AFGHANISTAN - TALIBAN MAY END OPPOSITION TO

EDUCATION FOR GIRLS - MANY UNCERTAINTIES

 

Afghani female students attend Kabul university on July 6, 2010 in Kabul, Afghanistan

Under the Taliban regime women were not allowed

to be educated and were forced to wear the burka.

 

The Taliban are ready to drop their ban on schooling girls in Afghanistan, the country's education minister has said.
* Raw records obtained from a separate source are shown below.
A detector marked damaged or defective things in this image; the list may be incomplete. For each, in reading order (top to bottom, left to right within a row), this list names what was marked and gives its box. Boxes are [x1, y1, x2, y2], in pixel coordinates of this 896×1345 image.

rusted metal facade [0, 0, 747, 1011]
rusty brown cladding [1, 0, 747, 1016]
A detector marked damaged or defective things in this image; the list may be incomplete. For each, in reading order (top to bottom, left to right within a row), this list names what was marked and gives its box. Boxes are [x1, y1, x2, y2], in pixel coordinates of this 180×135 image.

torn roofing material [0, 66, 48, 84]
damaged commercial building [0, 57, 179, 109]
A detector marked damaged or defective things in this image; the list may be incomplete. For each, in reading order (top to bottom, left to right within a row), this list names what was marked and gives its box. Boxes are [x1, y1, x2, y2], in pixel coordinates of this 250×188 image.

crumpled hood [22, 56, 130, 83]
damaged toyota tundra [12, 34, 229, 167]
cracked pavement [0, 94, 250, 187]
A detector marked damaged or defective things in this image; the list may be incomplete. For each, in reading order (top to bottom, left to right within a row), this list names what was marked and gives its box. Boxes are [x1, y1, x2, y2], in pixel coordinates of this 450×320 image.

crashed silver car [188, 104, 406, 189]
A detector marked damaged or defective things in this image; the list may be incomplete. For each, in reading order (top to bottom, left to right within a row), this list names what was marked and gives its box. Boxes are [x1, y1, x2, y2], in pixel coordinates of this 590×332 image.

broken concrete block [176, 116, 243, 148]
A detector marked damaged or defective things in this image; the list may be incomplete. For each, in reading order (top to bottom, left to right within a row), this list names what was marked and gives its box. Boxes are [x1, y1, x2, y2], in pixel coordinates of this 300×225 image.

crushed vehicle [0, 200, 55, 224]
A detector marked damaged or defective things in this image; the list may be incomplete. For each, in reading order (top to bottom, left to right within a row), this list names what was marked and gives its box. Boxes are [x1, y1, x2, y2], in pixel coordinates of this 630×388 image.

Farooq Wardak told the UK's Times Educational Supplement a "cultural change" meant the Taliban were "no more opposing girls' education".

 

The Taliban - who are fighting the Kabul government - have made no public comment on the issue.

 

Afghan women were not allowed to work or get an education under the Taliban regime overthrown in 2001.

 

Making deals

 

Mr Wardak made his comments during the Education World Forum in London.

 

He told the TES: "What I am hearing at the very upper policy level of the Taliban is that they are no more opposing education and also girls' education.

 

"I hope, Inshallah (God willing), soon there will be a peaceful negotiation, a meaningful negotiation with our own opposition and that will not compromise at all the basic human rights and basic principles which have been guiding us to provide quality and balanced education to our people," the minister added.

 

Last October, Afghan President Hamid Karzai confirmed unofficial talks with Taliban leaders were under way in an attempt to end the bloody insurgency that has wrecked the troubled country for more close to a decade.

 

Mr Wardak's words suggest the negotiations have gone beyond issues like the release of prisoners to touch on areas of government policy, correspondents say.

 

However, the education minister admitted historical opposition to schooling extended beyond the Taliban to the "deepest pockets" of Afghan society.

 

"That is the reason that in many provinces of Afghanistan we do not have either male or female teacher," he said.

 

"During the Taliban era the percentage of girls of the one million students that we had was 0%. The percentage of female teachers was 0%. Today 38% of our students and 30% of our teachers are female."

 

Female MPs greeted with disbelief the Taliban's supposed softening of stance on schooling for girls.

 

Roshanak Wardak, a member of parliament from the central-eastern Afghan province of Wardak, told the BBC: "The Afghan government is saying that, but it's not true.

 

"I don't believe in this because in Wardak we have six Pashtun-dominated districts and all the girls' schools are closed and have never been open. There are only schools open in two Hazara-dominated districts."

 

Marman Gulhar, MP for the north-eastern province of Kunar, was also sceptical.

 

"This is not true and it will never happen," she told the BBC. "The Taliban will never be ready for that [girls' education].

 

"In fact they are fighting against that. The girls' schools are closed and still are closed."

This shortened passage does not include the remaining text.